[Start of section]

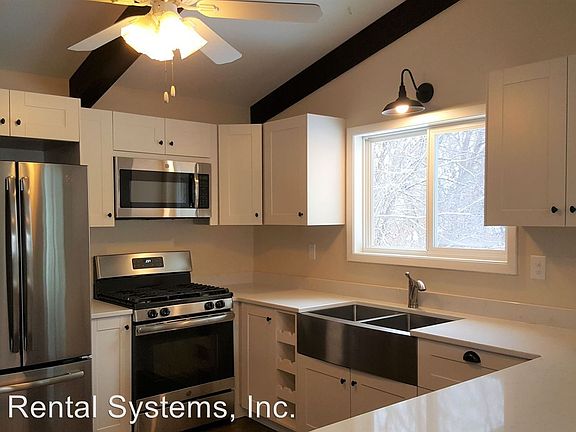 3rd image of 300 Greenhill Ln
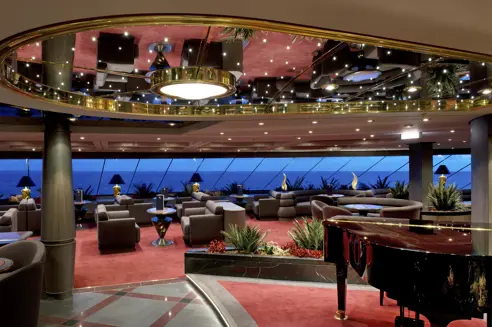 Yacht Club 1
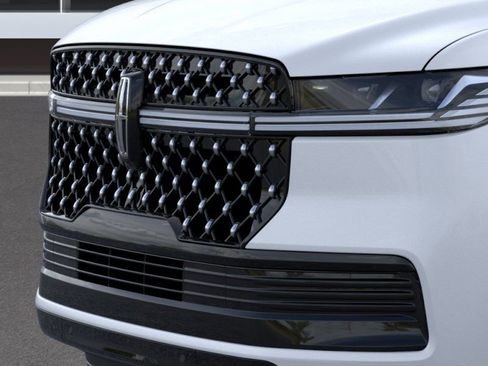 New 2026 Lincoln Navigator Black Label AWD/4WD image 17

[End of section]

Everything in the preceding material must be transcribed exactly, except the images.

* [Output for this exercise]
 3rd image of 300 Greenhill Ln
 Yacht Club 1
 New 2026 Lincoln Navigator Black Label AWD/4WD image 17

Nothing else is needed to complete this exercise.